Searching for Biases in the First Round of the Draft

The numbers heavily favor Corey Ray being productive early in his career. (via Univ. of Louisville Sports Info.)

The numbers heavily favor Corey Ray being productive early in his career. (via Univ. of Louisville Sports Info.)

Major League Baseball’s amateur draft is something of a crapshoot. Even in the early portion of the first round, where teams reap significant value from their picks on average, busts aren’t uncommon. Delmon Young, Matt Bush, Bryan Bullington, Matt Hobgood. The list goes on. Meanwhile, Mike Trout fell all the way to the 25th overall pick, and quickly blossomed into a generational talent.

Some degree of volatility is expected due to the sheer difficulty of what teams are tasked with doing. Figuring out how good a 21-year-old college kid will be at age-25 is a tall order, while doing so for a high schooler is an even taller order. Amateur players are inherently risky assets, which almost certainly helps explain the unevenness of first round draft returns.

But I’d posit that at least some of that unevenness isn’t purely the result of random chance. Some of this is likely a case-by-case basis thing: More thorough scouting of the New Jersey area might have predicted Mike Trout’s star potential, for example. But perhaps there’s also something that runs deeper than that. Perhaps there are systemic biases in the way teams evaluate first-round talent, causing certain types of players to be overvalued or undervalued in the first round.

As you probably guessed, I did some math to search for these biases. If you’re not interested in reading about the nitty-gritty and would rather just read my conclusions, feel free to skip to the paragraph that starts with “That last paragraph was a bit wonky.” Everyone else, let’s get nerdy.

I ran some regressions to identify possible biases. My data set includes all players drafted within the first 30 picks from 2002-2009, which I split into hitters and pitchers. I excluded draftees who did not sign. It’s still a little early to know what to make of players drafted in 2010 and later, especially for some of the high school draftees like 2010 No. 2 overall pick Jameson Taillon, who just made his major league debut this week.

My dependent variable was WAR over a player’s first four years of team control. For players who haven’t eschewed their first four team control years yet, I filled in the remaining years using RoS 2016 projections from the FanGraphs depth charts. Most of the players I had to use projections for weren’t good enough for it to make a noticeable difference: Only six from this category were projected for more than 1 WAR this year.

To start, I included a variable for a player’s draft selection in my regression to act as a proxy for his perceived value. It isn’t uncommon for a player to fall a few picks in the first round of the draft for signability reasons, which muddies the calculus a bit.
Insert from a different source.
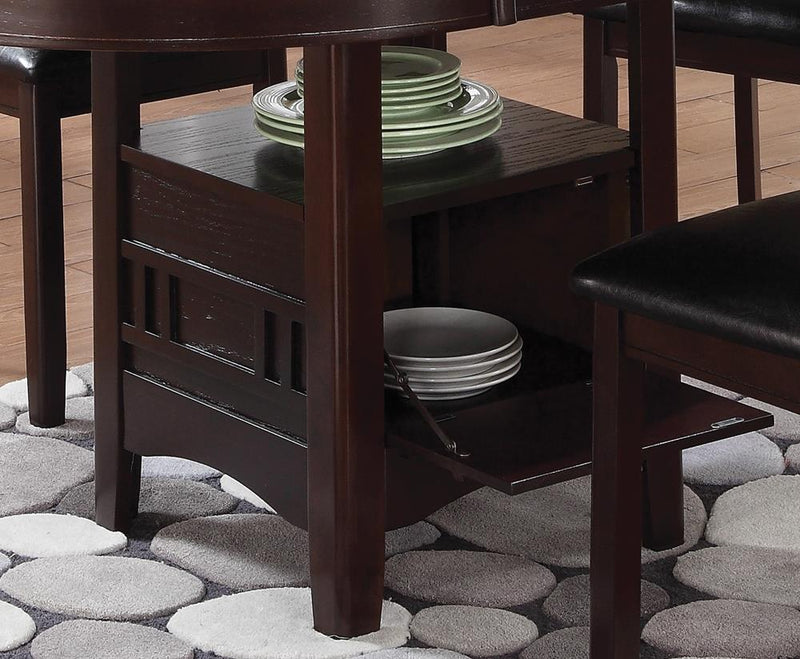 Lavon Dining Table With Storage Espresso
But by and large, the spot at which a player is drafted correlates strongly with his perceived value.

From that baseline, I tested out the following variables in my regressions: a player’s handedness, his height, and whether he was drafted out of high school or college. For hitters, I also tested defensive position at the time of the draft. If teams are acting optimally, the variables pertaining to a player — his background, handedness, height and position — would not turn up statistically significant. After controlling for draft position, a college draftee would be no more or less likely to achieve big league success than a high school draftee. Nor would a left-handed pitcher compared to a righty, or a short player compared to a taller one.
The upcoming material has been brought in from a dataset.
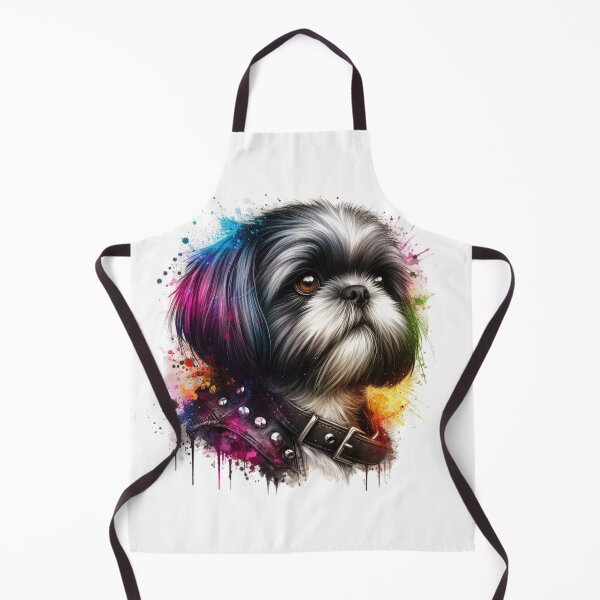 Item preview, Rocker Shih Tzu Dog Rainbow Splash designed and sold by Ginetta0815.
On the pitching side, this is exactly what I found. Nothing came up significant. None of the characteristics I looked at — handedness, educational attainment or height — appeared to be over- or under-valued in the first round. Teams seem to be acting optimally.

Things looked much more interesting on the hitting side, however. The data suggest teams haven’t been valuing all demographics appropriately in the draft.

Since I’m a good boy who tries to avoid overfitting my statistical models, I partitioned my data set into two separate pieces before I got started: one included draftees from 2002-2005 and the other included draftees from 2006-2009. Within both subsets, I found a similar-looking interaction between a hitter’s draft selection and whether he was drafted out of high school or college. Here are the resulting coefficients R spit out when I applied these variables to the full data set: 2002-2009.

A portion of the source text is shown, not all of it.